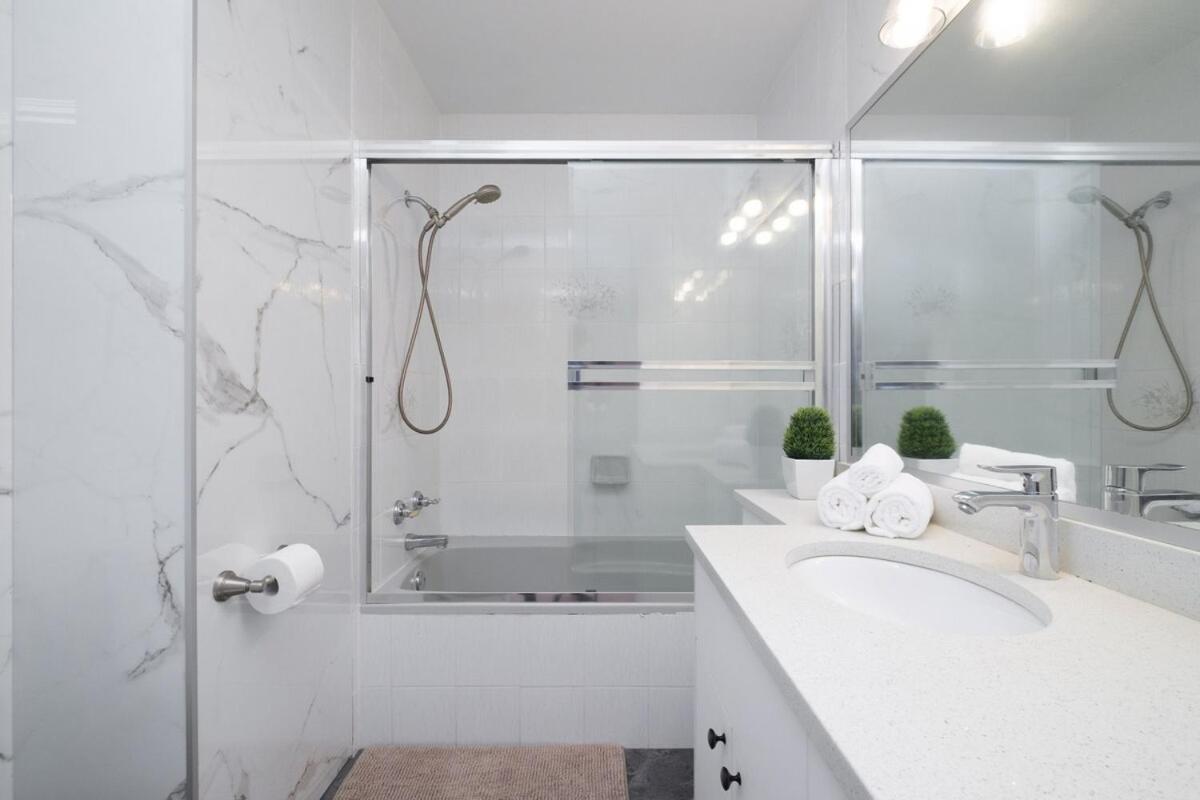 Spacious 4Br W Ensuites Mins To Downtown Yvr Ubc バンクーバー エクステリア 写真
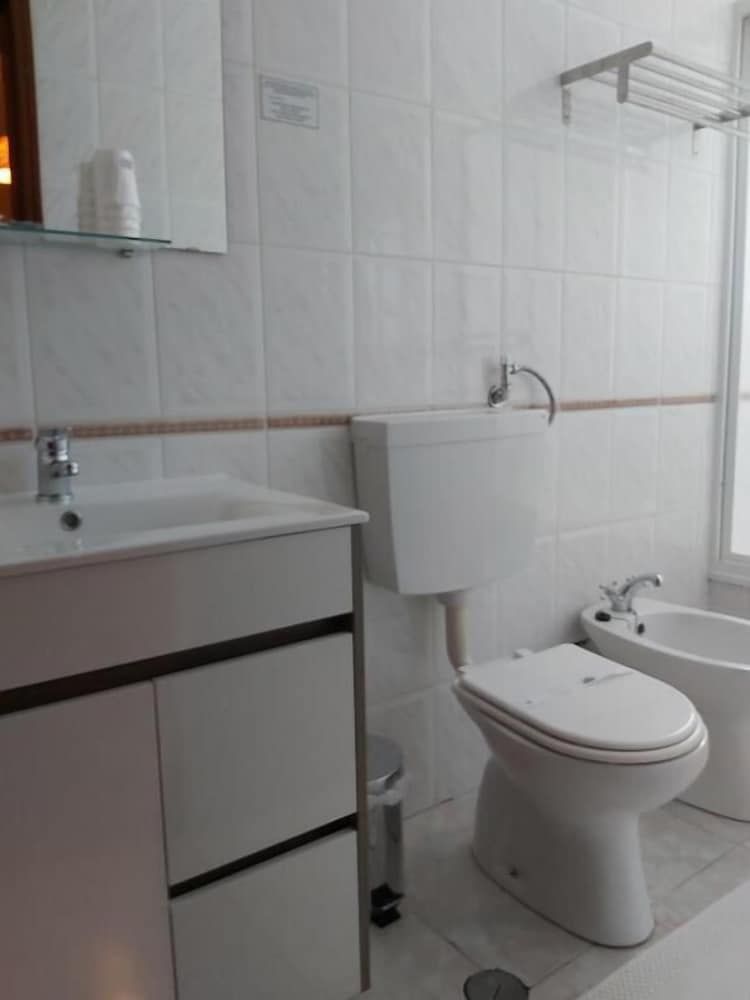 Encosta da Serra Comfort Triple Room 16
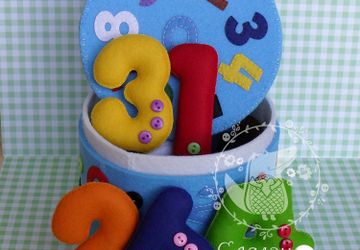 Цифры из фетра в шкатулке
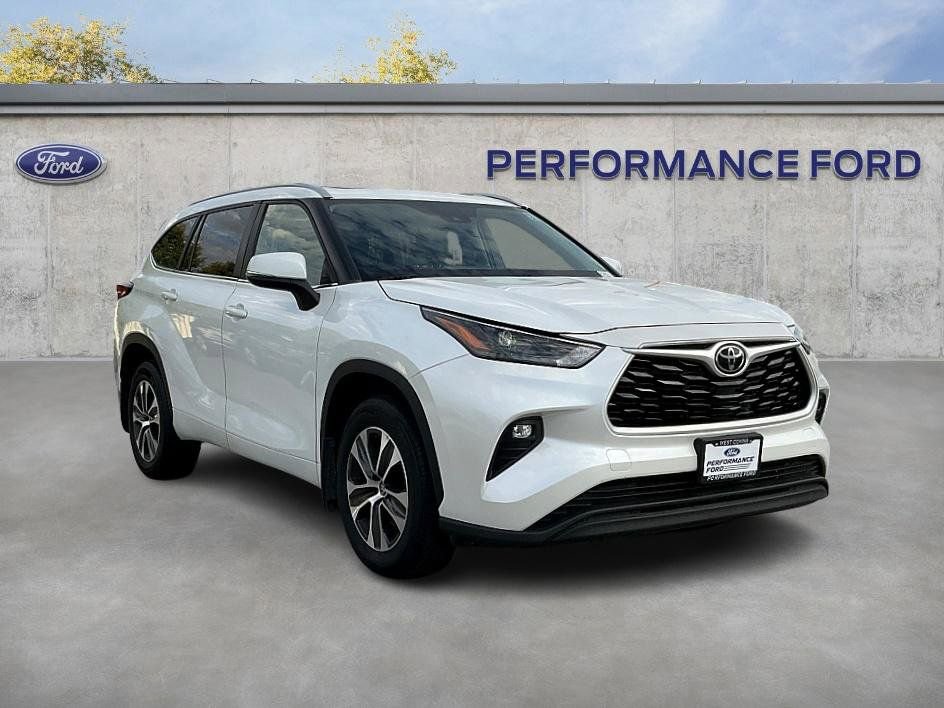 Used 2023 Toyota Highlander XLE image 3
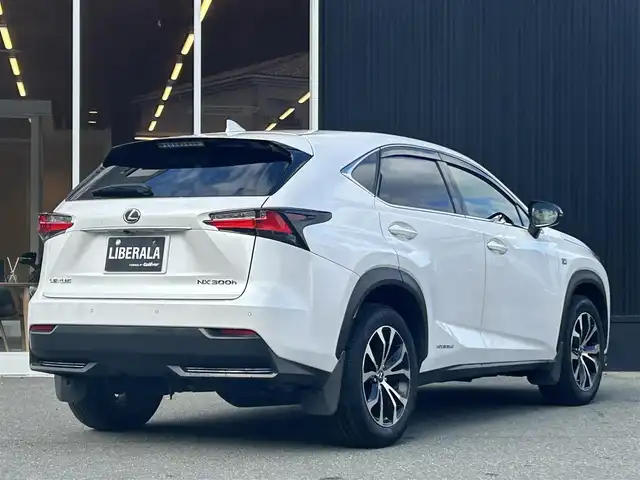 レクサス ＮＸ 300h Fスポーツ 福岡県 2015(平27)年 14.3万km ソニッククォーツ サンルーフ/Ｌｅｘｕｓｓａｆｅｔｙｓｙｓｔｅｍ＋　/アダプティブクルーズコントロール/レーンキープアシスト/三眼LEDヘッドライト/黒革シート　/前席ベンチレーション　/前席シートヒーター/ステアリングヒーター/純正ナビ/フルセグTV/Bluetooth/バックカメラ　/パワーバックドア　/前方ドライブレコーダー/社外レーダー探知機　/ＥＴＣ２．０/取扱説明書/保証書/スペアキー×1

# What to work on
Once you find the line with "Used 2023 Toyota Highlander XLE image 3", restate it and every later line of the data word for word, excluding the pictures.

# Result of the task
 Used 2023 Toyota Highlander XLE image 3
 レクサス ＮＸ 300h Fスポーツ 福岡県 2015(平27)年 14.3万km ソニッククォーツ サンルーフ/Ｌｅｘｕｓｓａｆｅｔｙｓｙｓｔｅｍ＋　/アダプティブクルーズコントロール/レーンキープアシスト/三眼LEDヘッドライト/黒革シート　/前席ベンチレーション　/前席シートヒーター/ステアリングヒーター/純正ナビ/フルセグTV/Bluetooth/バックカメラ　/パワーバックドア　/前方ドライブレコーダー/社外レーダー探知機　/ＥＴＣ２．０/取扱説明書/保証書/スペアキー×1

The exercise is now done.